Input:
━━━━━━━━━━━━━━━━━━━━
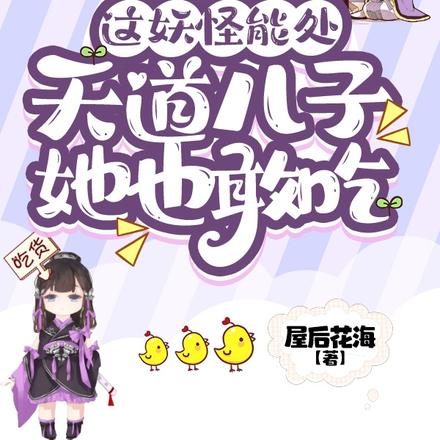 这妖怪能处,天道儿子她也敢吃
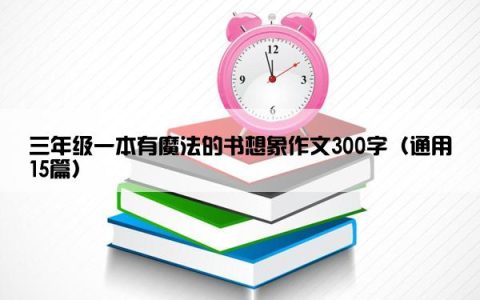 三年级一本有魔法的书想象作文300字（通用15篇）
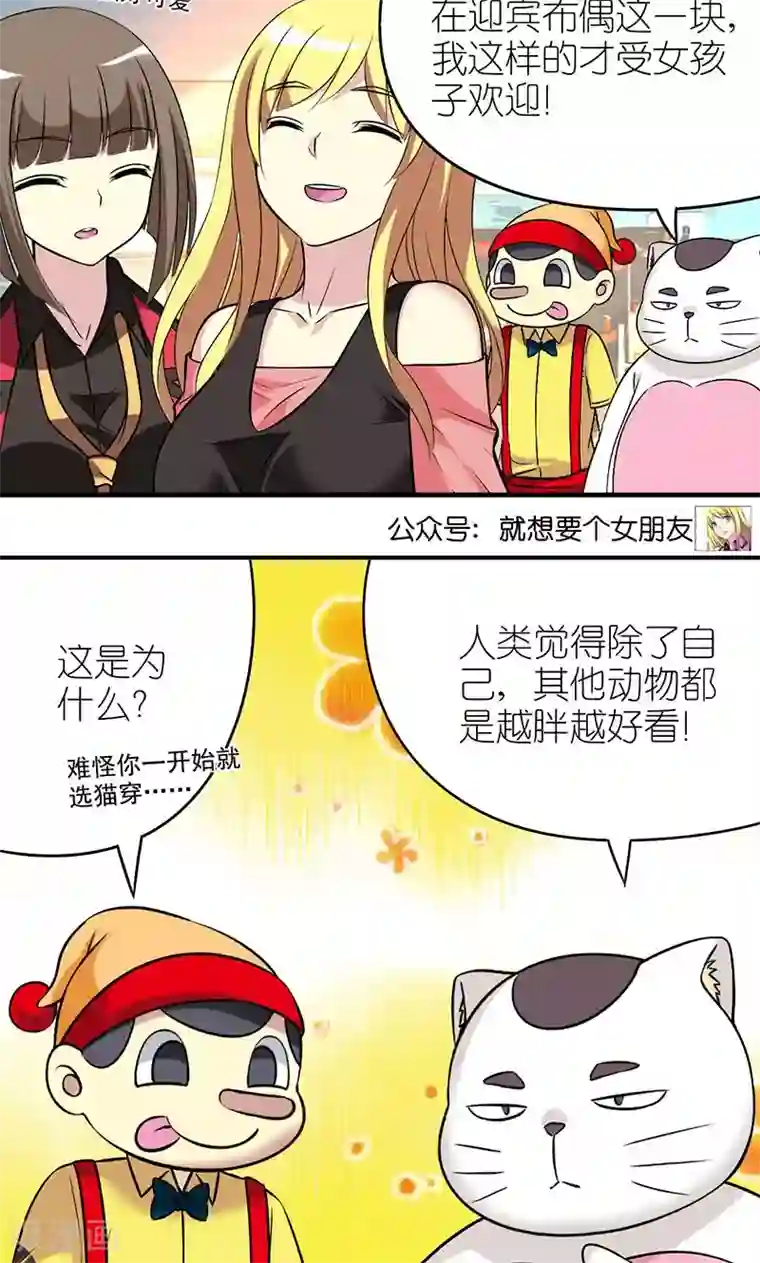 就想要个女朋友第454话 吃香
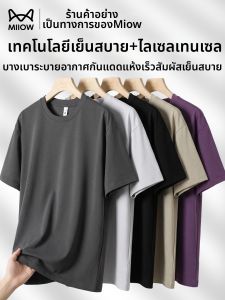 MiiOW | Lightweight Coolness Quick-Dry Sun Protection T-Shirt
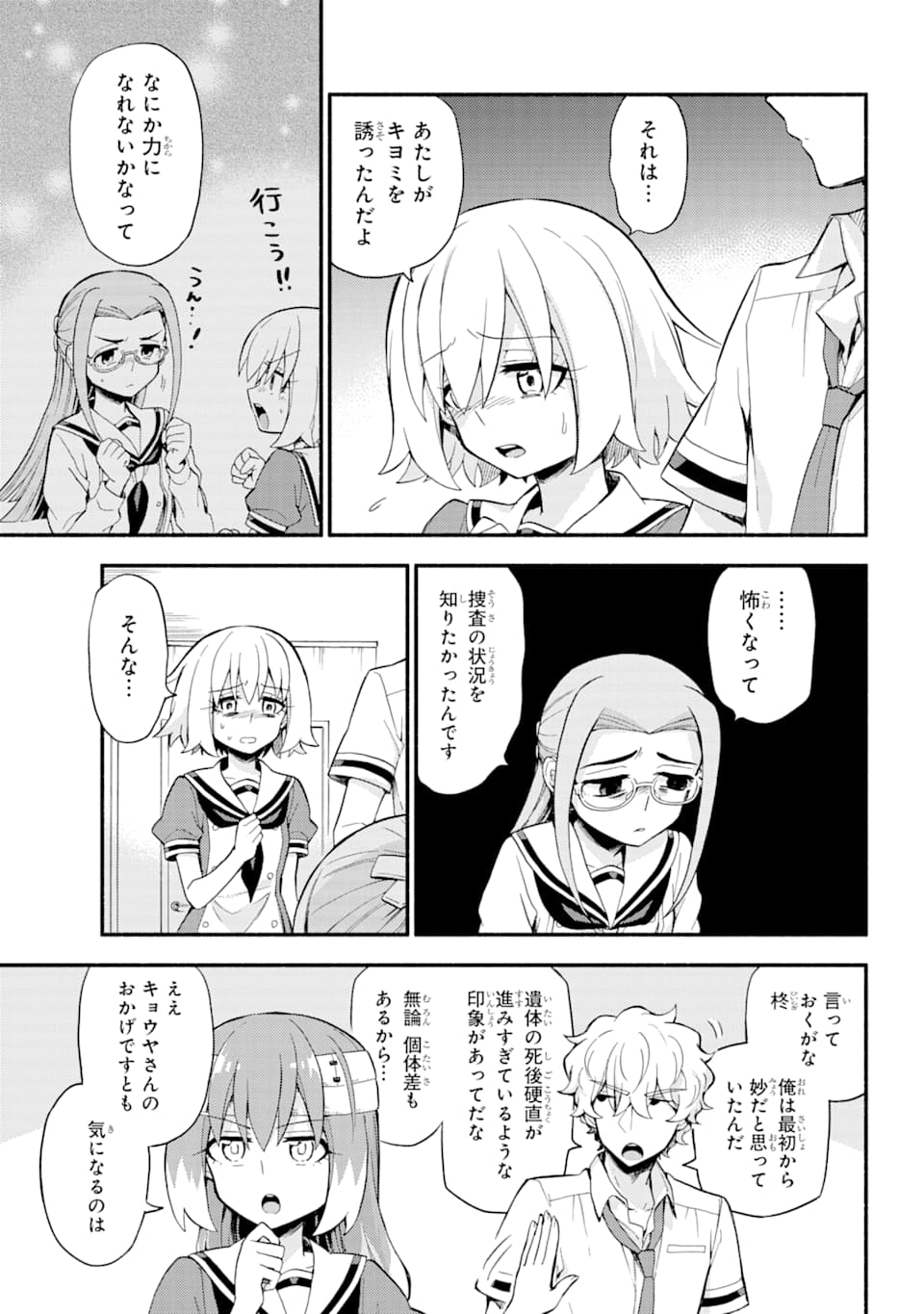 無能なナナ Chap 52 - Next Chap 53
━━━━━━━━━━━━━━━━━━━━
The problem: Pictures are to be dropped, and the lines from the line with "MiiOW | Lightweight" through the end of the material above are to be reproduced exactly.

Task output:
 MiiOW | Lightweight Coolness Quick-Dry Sun Protection T-Shirt
 無能なナナ Chap 52 - Next Chap 53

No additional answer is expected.